This is a map of how Overlord is built, so you can reason about where a behavior lives when you debug or extend it. It is deliberately high level; the authoritative, contract-pinned specs stay colocated with the module that owns them in the repository, and this page links out to them.

Overlord is a portable domain (projects, missions, objectives, sessions, events) with a CLI-first product surface on top of it. Agents interact through the ovld protocol lifecycle, which is the same contract whether it’s reached from the CLI, the hosted API, or MCP. A runner claims queued execution requests and launches agents. Everything an agent produces — progress, questions, artifacts, delivery, per-file rationale — lands as durable records that the review surface reads back.

The architecture series is meant to be read in this order (not by number). Each links to the authoritative spec on GitHub.

# Spec Module What it covers
1 Core Domain & Lifecycle cli Projects, missions, objectives, sessions, events, statuses, and state transitions — the domain everything builds on.
2 CLI-First Product Surface cli Management commands, configuration, project linking, output contracts.
3 Agent Protocol cli The ovld protocol lifecycle: context assembly, updates, delivery, attachments.
4 Runner & Launch Execution cli Execution requests, the local runner, launch-command generation, auto-advance.
5 Review, Artifacts & Change Tracking cli Delivery review records, artifacts, rationale coverage, local diff support.
6 Connectors & Agent Plugins connectors The connector core, plugins, adapters, and prompt wrappers that bind agents to Overlord.
7 Automations Overview automations Optional AI automations (objective titling, summarization) and how they plug in.
8 USER_TOKEN Authentication auth Mix-and-match authentication and the USER_TOKEN lifecycle.
9 Role-Based Access Control auth Roles, permissions, and authorization.
10 Database Schema Contract database The portable SQLite/Postgres schema contract and extension points.
11 Database Table Groups database Core vs. à-la-carte table groups and capability gating.
12 Private-Network PostgreSQL Deployment database Deployment plan for a private-network Postgres backend.
13 Database Seeding Framework database How seed data is defined and applied across adapters.
  1. Create. A mission and its ordered objectives are created (CLI, app, API, or MCP) against a resolved project. The domain module owns this state.
  2. Queue. Requesting execution enqueues an execution request for an objective.
  3. Claim & launch. The runner claims a request and generates a launch command that starts the agent in the right working directory, forwarding OVERLORD_EXECUTION_REQUEST_ID so the session links back to the request.
  4. Attach. The connector wraps the agent so it attaches via ovld protocol, receiving full context (see The agent protocol).
  5. Work & report. The agent posts updates, may ask blocking questions, and the client captures the VCS baseline/delta for changed-file attribution.
  6. Deliver. The agent delivers a summary, artifacts, and per-file rationales. The objective moves to complete, the mission to review, and auto-advance may launch the next objective.
  7. Review. The review/change-tracking surface reads the durable records back, checking rationale coverage against the changed files.

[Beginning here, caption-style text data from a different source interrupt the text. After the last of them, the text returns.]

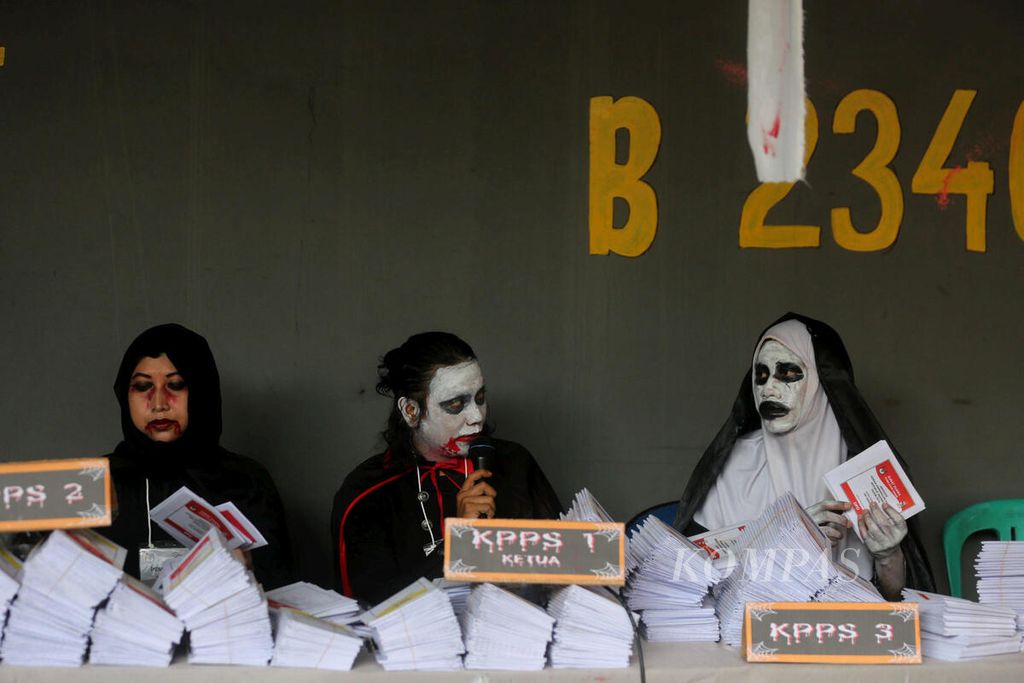 Petugas KPPS tempat pemungutan suara 073, Lebak Bulus, Jakarta Selatan, mengenakan kostum hantu saat melayani warga yang hendak memberikan suaranya di bilik suara, Rabu (17/4/2019).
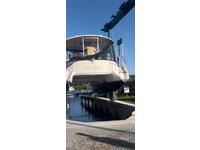 1996 Moore Haven Florida  32 AMI 320 Renaissance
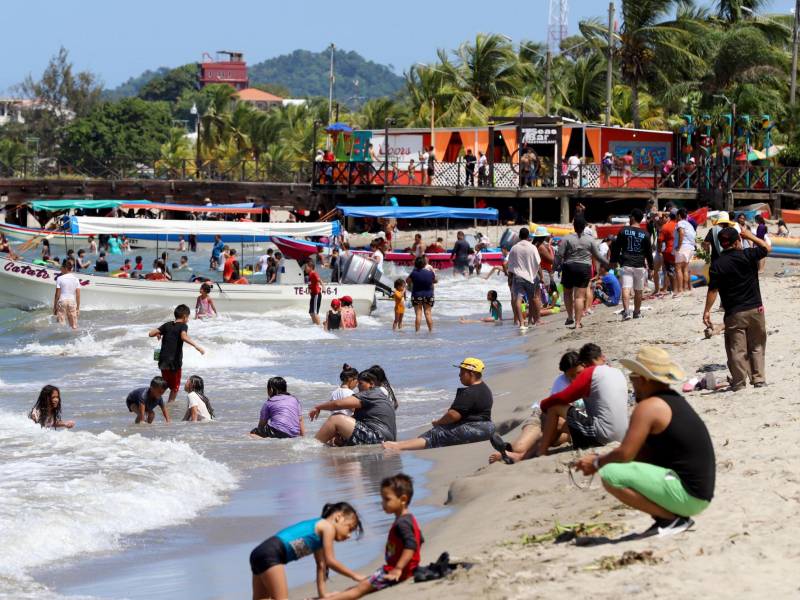 Las playas de Tela son las ms visitadas en Semana Santa, sin embargo los transportistas se quejan por el cobro de mil lempiras por parqueo de los autobuses, fondo que finalmente terminan pagando los viajeros.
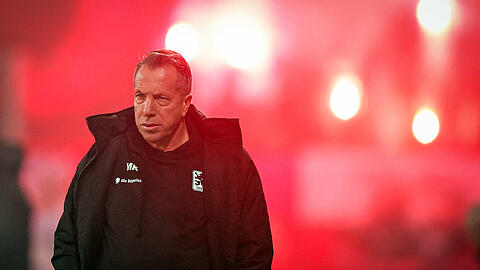 Wenn der Cheftrainer der Blauen rot sieht: 1860-Coach Kauczinski zeigt sich nach dem 0:4-Debakel bei Jahn Regensburg „fassungslos“ und kündigt an, die Zügel anzuziehen. Wenn der Cheftrainer der Blauen rot sieht: 1860-Coach Kauczinski zeigt sich nach dem 0:4-Debakel bei Jahn Regensburg „fassungslos“ und kündigt an, die Zügel anzuziehen.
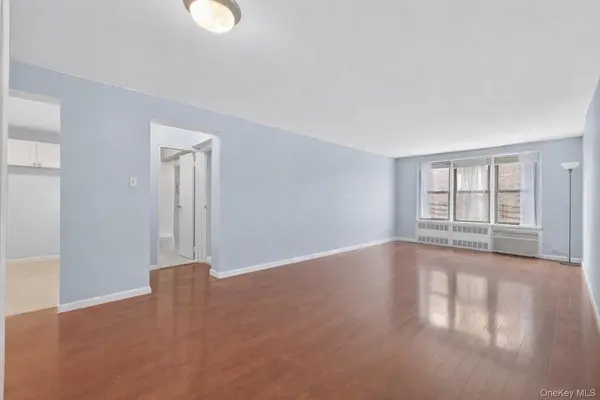 58-03 Calloway ST #4JJ, Corona, NY 11368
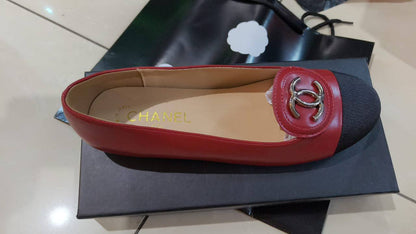 Chanel 

Size 37 to 42(size little big)

110 dhs🇦🇪🇦🇪

Zain146
♥️♥️♥️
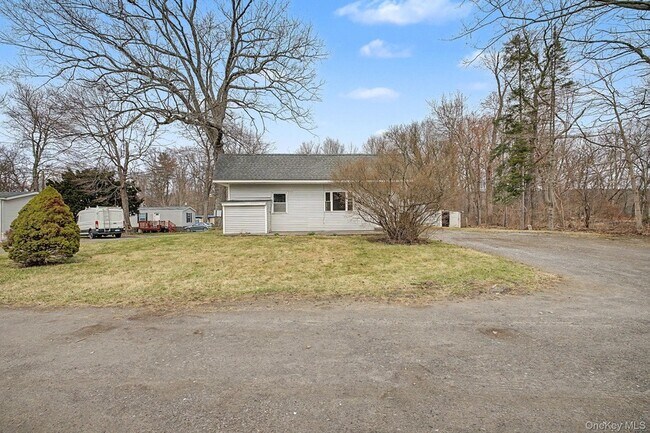 Building Photo - 2585 State Rte 55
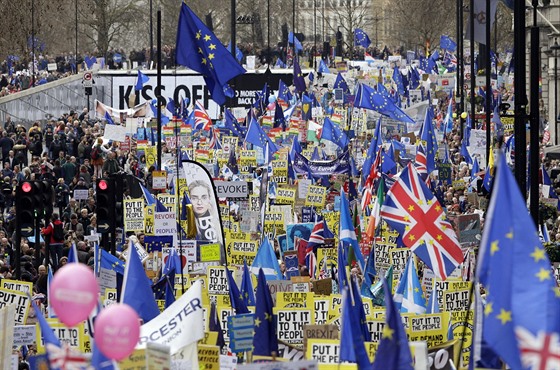 Odprci brexitu pochodovali Londýnem za poadavek druhého referenda o lenství...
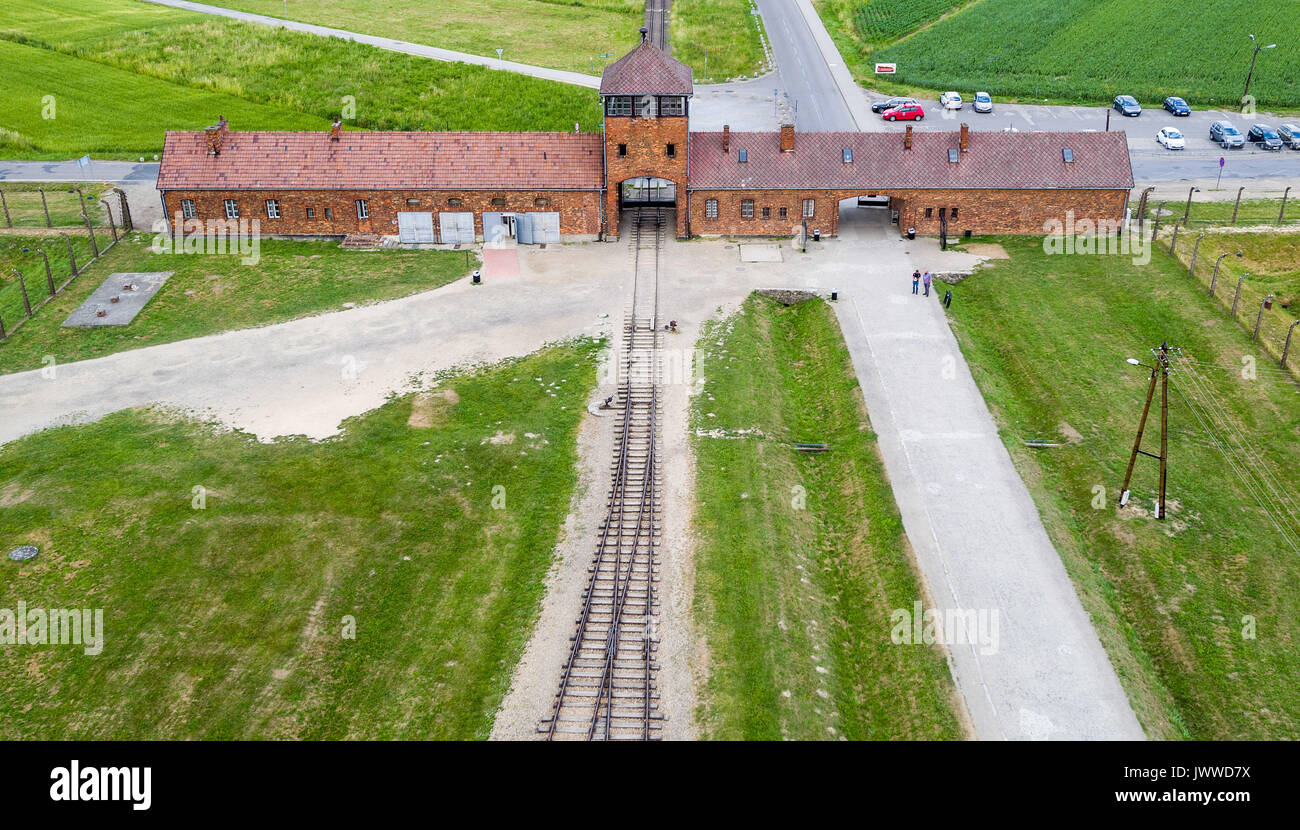 La porte de l\'ancien camp de concentration Auschwitz-Birkenau peut ... La porte de l\'ancien camp de concentration Auschwitz-Birkenau peut ...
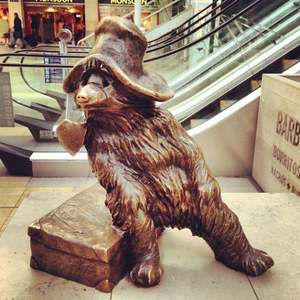 Nouveauté 2024, statue d'animal en métal décorée pour le jardin, sculpture d'ours <span class=keywords><strong>Paddington</strong></span> assis en bronze - Product Image 2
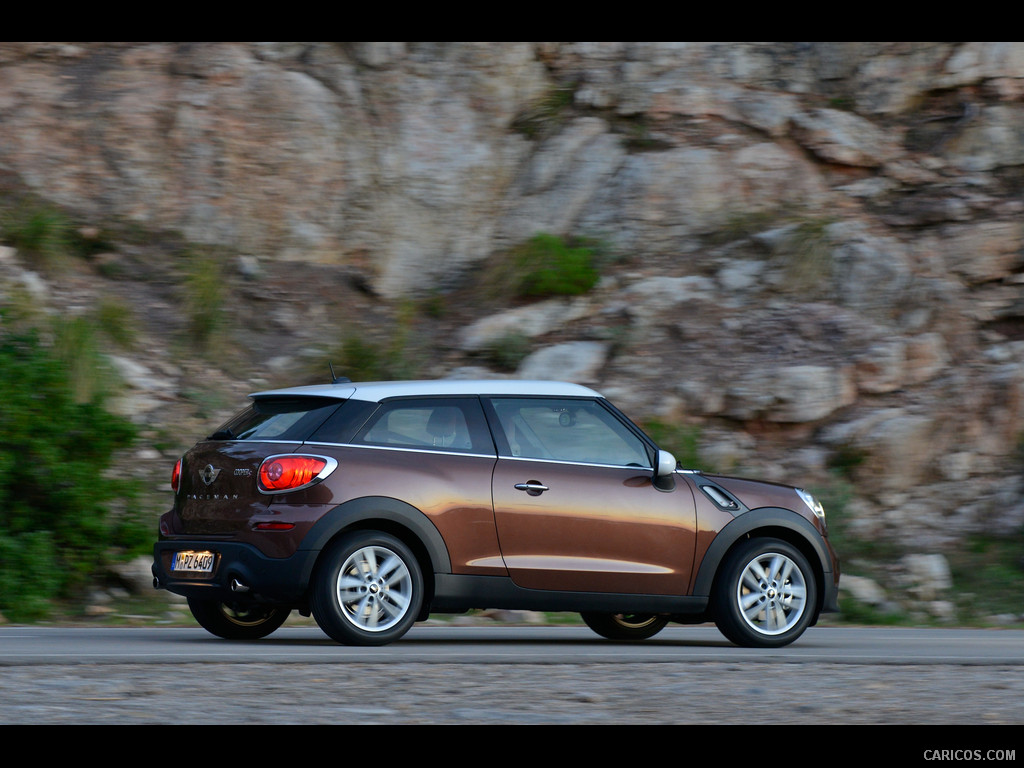 2013 MINI Cooper S Paceman  - Side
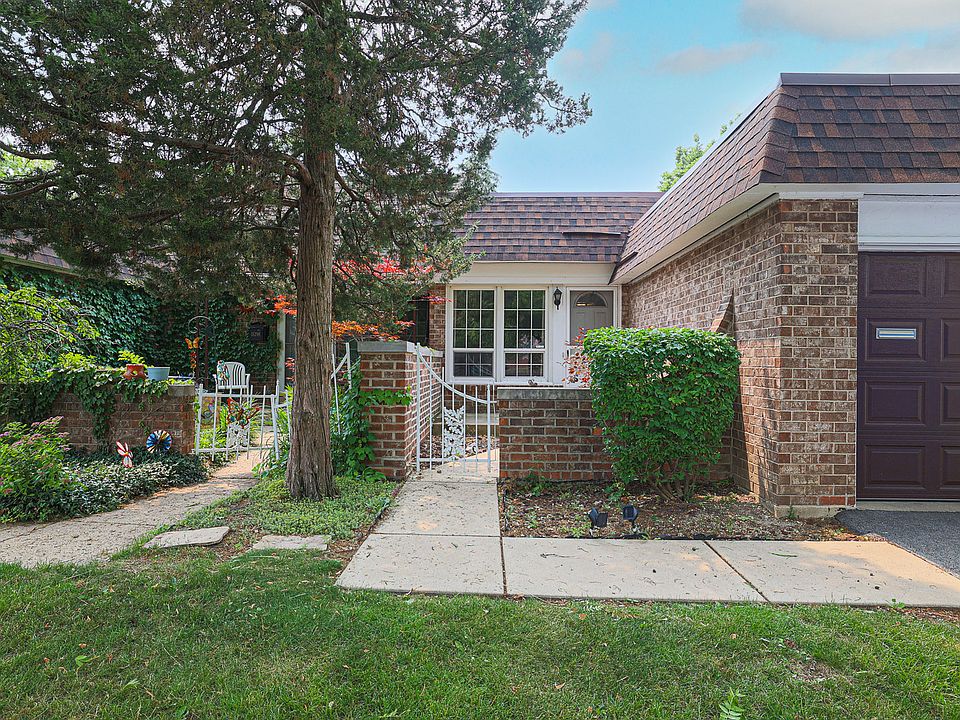 1st image of 1S296 Dillon Ln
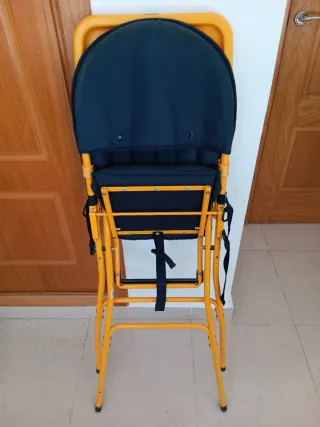 Trona para bebé color naranja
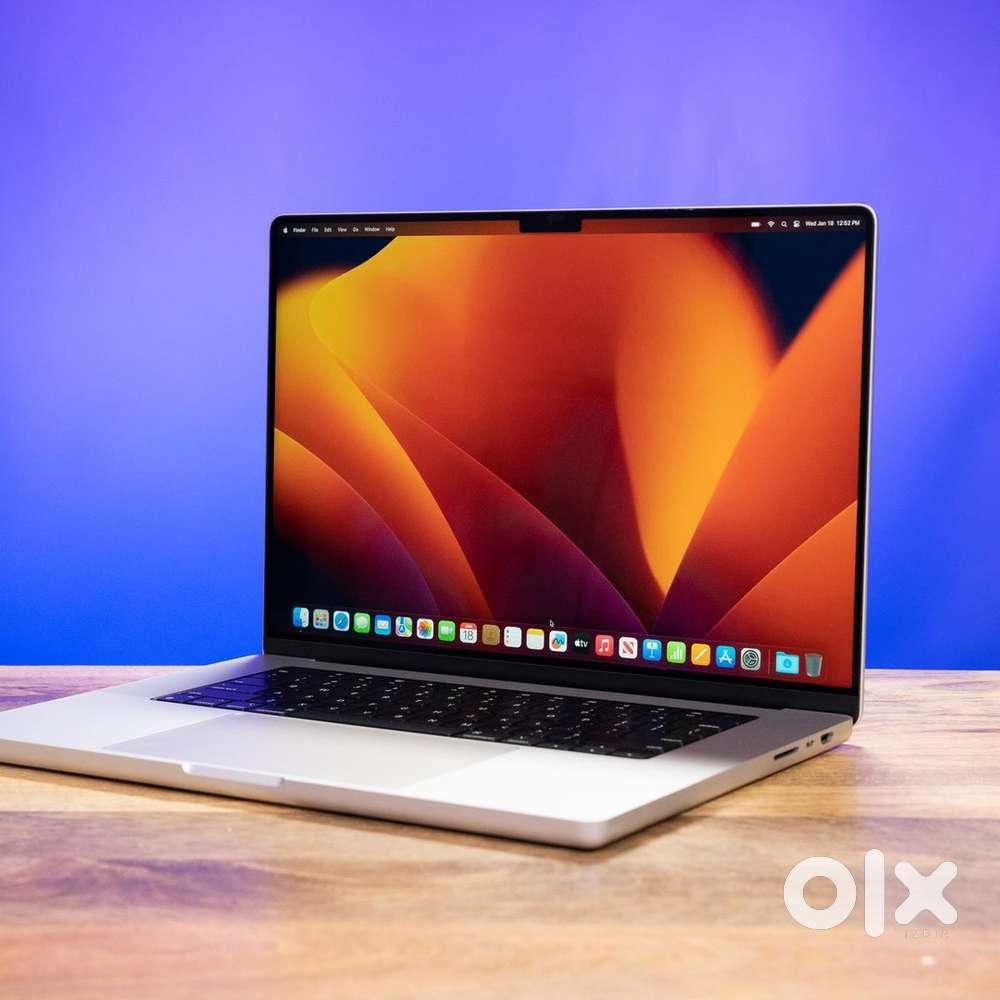 Macbook pro M2 pro 16inch 512 16gb with apple care plus sep 2026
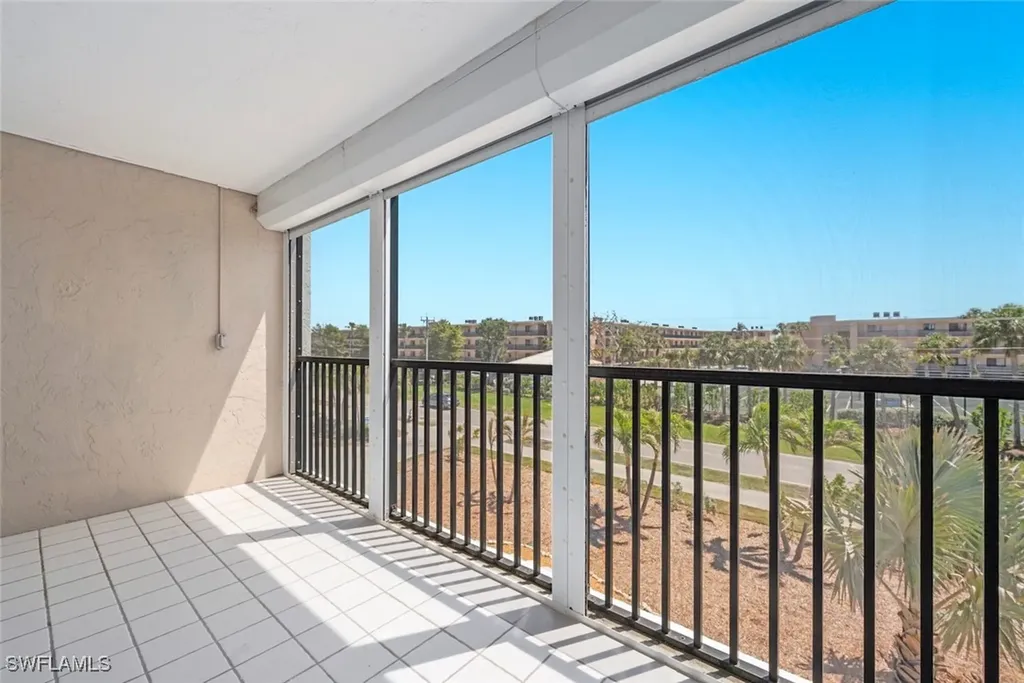 1440 Middle Gulf Drive Sanibel FL 33957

Throughout, the auth module resolves identity and enforces RBAC, and the database module provides the portable schema all of this persists to.

  • The protocol is the contract. The same operations are reachable from CLI, API, and MCP; divergence between surfaces is treated as a bug.
  • Specs stay colocated with their module. The global series is physically spread across modules and re-assembled by the index above — this keeps each module’s behavior documented next to its code.
  • Portable by design. The schema targets both SQLite (local) and Postgres (hosted), with à-la-carte table groups gated by capability.
  • MCP handlers reuse services. They call existing service/protocol functions and rely on their RBAC checks — they never write database tables directly.